Frage: Eine wesentliche Rolle bei diesen Entscheidungen spielt die Rezeption des letzten Konzils. Machen sich die Kirchen Ost(Mittel)Europas jetzt daran, das Konzil, dass sie in den Jahren des Kommunismus nur fragmentarisch umsetzen konnten, mit Leben zu erfüllen?

Zulehner: Für die tschechische Kirche beispielsweise hat Kardinal Miloslav Vlk aus Prag festgestellt, dass dafür noch sehr viel Arbeit nötig ist. Bisher wurden vor allem die liturgischen Texte übernommen, aber entscheidende Fragen wie die Teilhabe der Laien am kirchlichen Leben oder die gesellschaftliche Präsenz der Kirche sind nicht ausreichend angegangen worden. Im Klartext: Die beiden großen Schlüsseldokumente "Gaudium et spes - Kirche in der Welt von heute" und die Kirchenkonstitution "Lumen gentium" warten noch auf eine konsequente Anwendung. Im Abstand von über drei Jahrzehnten und auf dem Hintergrund der kommunistischen Erfahrung kann das jetzt nicht so geschehen, dass das, was in den 70er Jahren in den westeuropäischen Kirchen geschehen ist, imitiert wird. Die Umsetzung des Konzils in Ost(Mittel)Europa muss in einer neuen und eigenständigen Weise geschehen, die ich diesen Kirchen auch zutraue. Vor allem in der polnischen Kirche können wir damit rechnen, dass das in einer sehr engagierten, spannungsreichen und produktiven Weise geschieht.

Frage: Auch die ehemalige DDR war Gegenstand Ihrer Untersuchung. Wie ist hier die Situation?

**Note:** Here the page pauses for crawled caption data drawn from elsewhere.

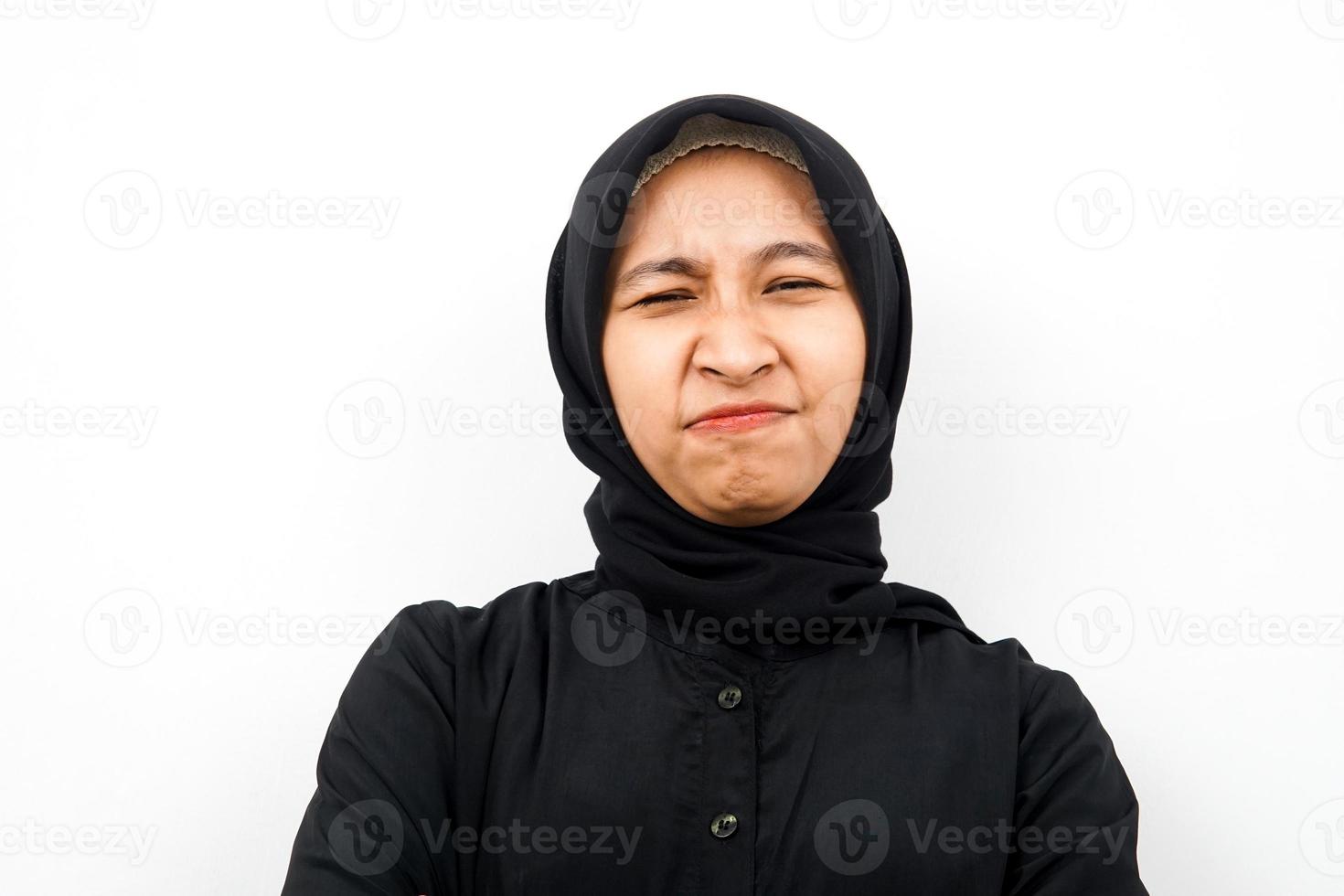 Closeup of beautiful young muslim woman pouting, sad, isolated photo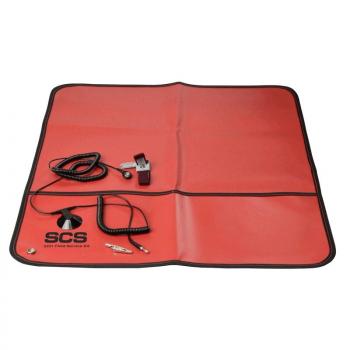 The image shows a red, rectangular mat with a black border. On it are several cables and a small gray clip. It is a kind of pad for technical devices.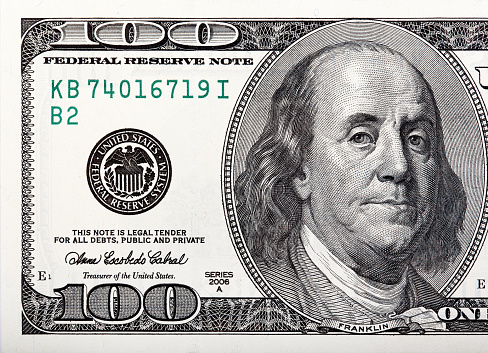 Benjamin Franklin on the bill. Macro shot of a 100 dollar. High resolution photo.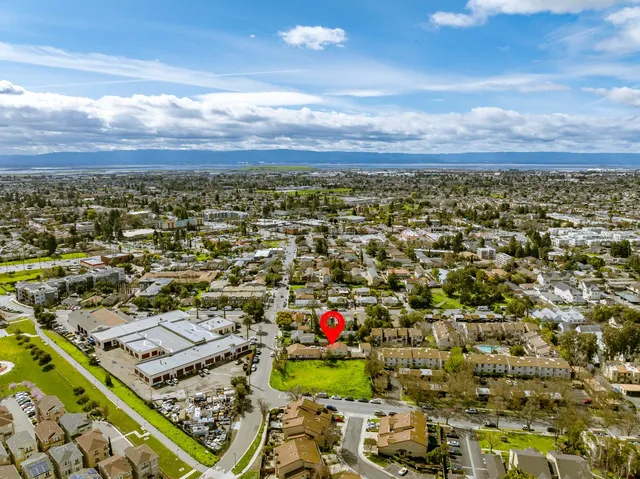 an aerial view of residential houses with outdoor space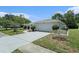 This home features a well-kept lawn, a two-car garage, and a quaint arched entryway with manicured bushes at 162 Lagoon Way, Palm Harbor, FL 34684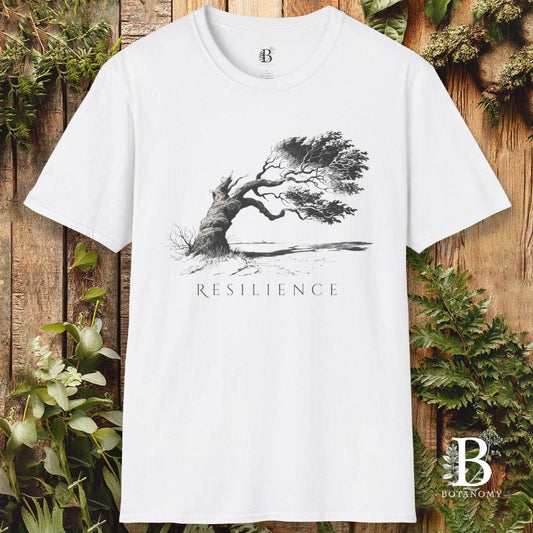 White t-shirt with 'Resilience' graphic and brand logo on a wooden background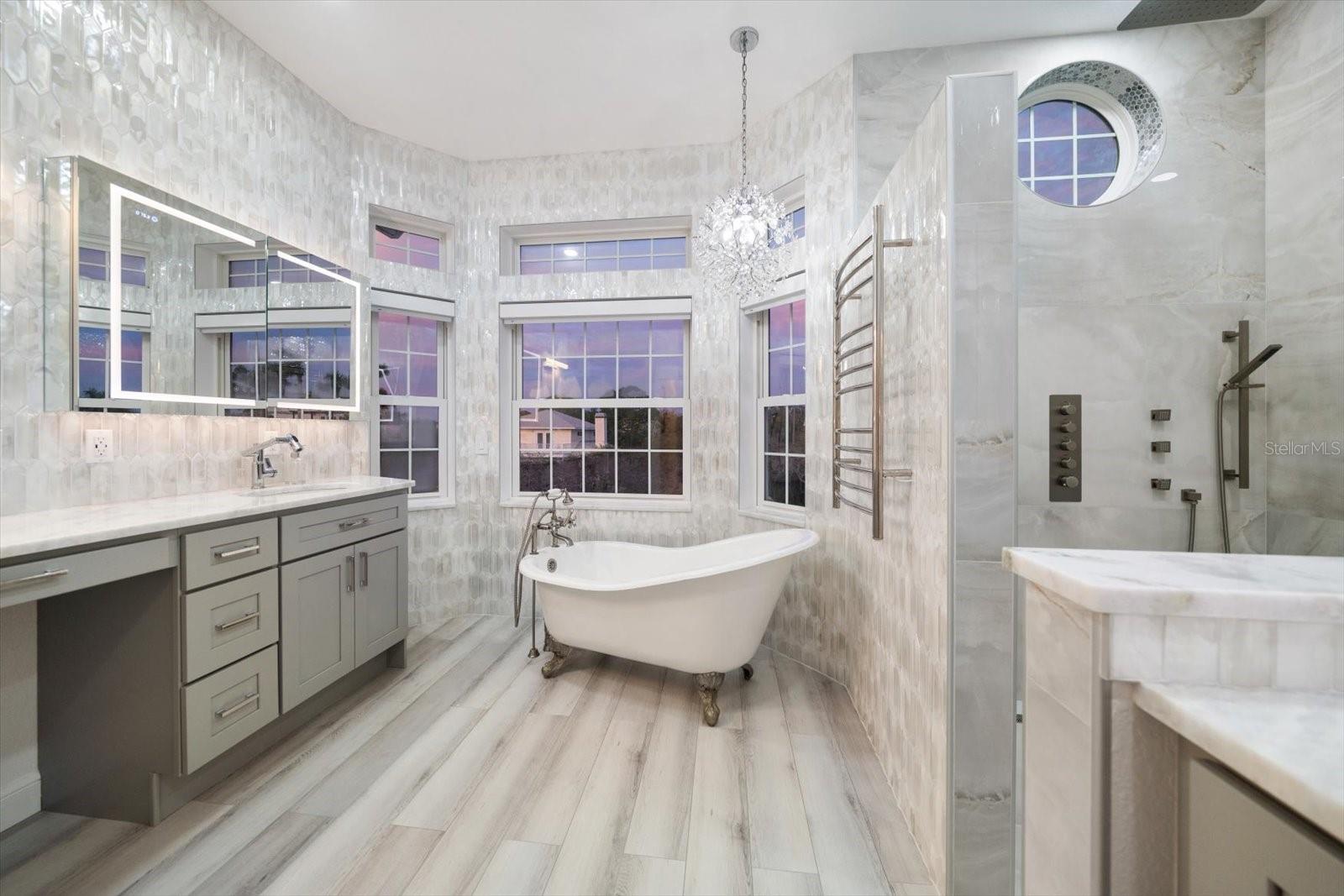 Exceptional remodeled primary suite enhanced with smart features, remote controlled toilet/bidet, touch activated mirrors, soaking tub, and walk-in shower with multiple heads.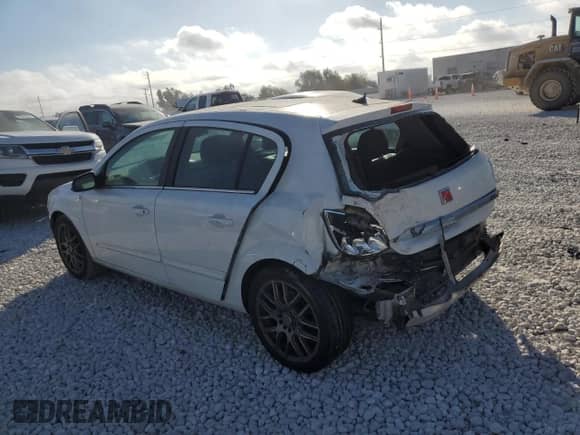 2008 Saturn Astra XR with VIN W08AT671985115975, listed as a Copart auction lot 77409614 with 112,702 mi miles and Salvage title. Bid and sale history available at DreamBid. Image 2.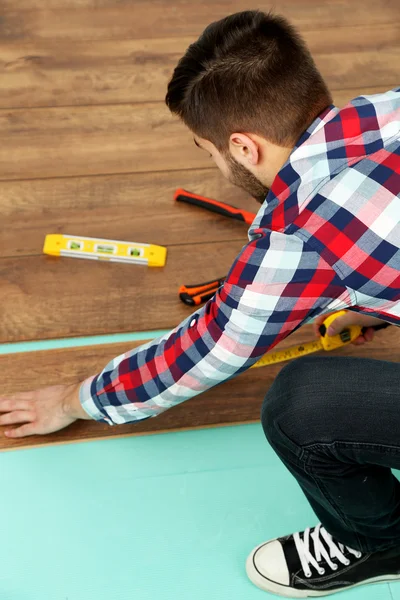 Trabajador carpintero instalación de pisos laminados en la habitación —  Fotos de Stock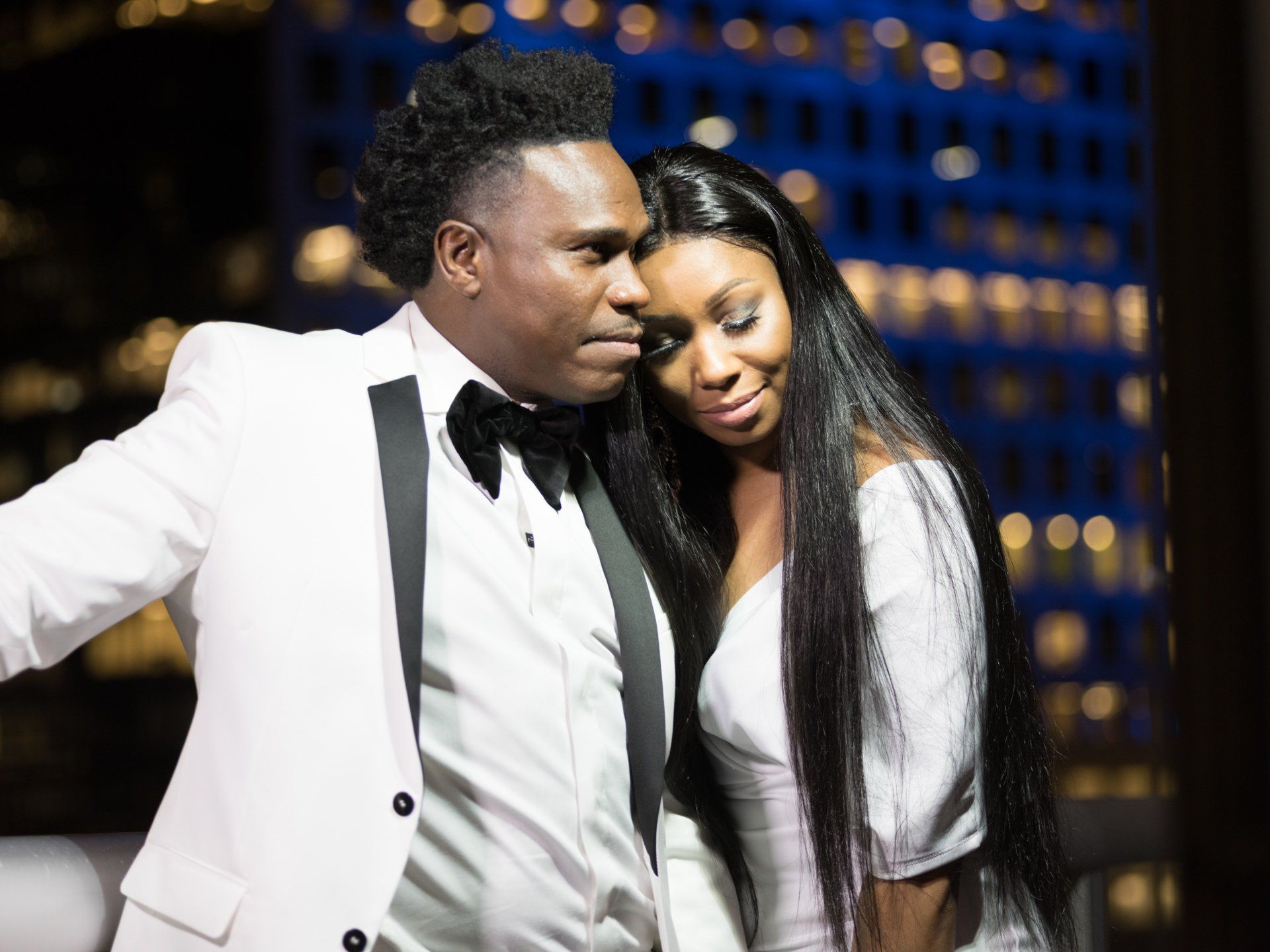 A man in a tuxedo and a woman in a white dress are posing for a picture.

Zulehner: Die Lage der katholischen Kirche in Ostdeutschland ist - statistisch gesehen - so prekär, dass sie nichts verlieren, sondern durch Risiko nur gewinnen kann. Diese kleine, verschworene Kirche ist in der interessanten Lage, dass sie pionierartig eine sehr missionarische Kirche werden kann. Sie kann in der Begegnung mit den atheisierten Menschen, mit religiösen Analphabeten viel riskieren, indem sie ausprobiert, wie das Evangelium in die Biografie von Menschen hinein kommen kann, die - ohne eigenes Zutun, ohne Bosheit - mit dem Evangelium überhaupt noch nicht in Berührung gekommen sind. Ostdeutschland und ähnlich Tschechien sind sozusagen pastorale Biotope, in denen Dinge ausprobiert werden können, die für die Kirche in Europa überlebenswichtig werden können.

Fragen: Matthias Holluba

Dieser Beitrag wurde veröffentlicht in Ausgabe 6 des 51. Jahrgangs (im Jahr 2001).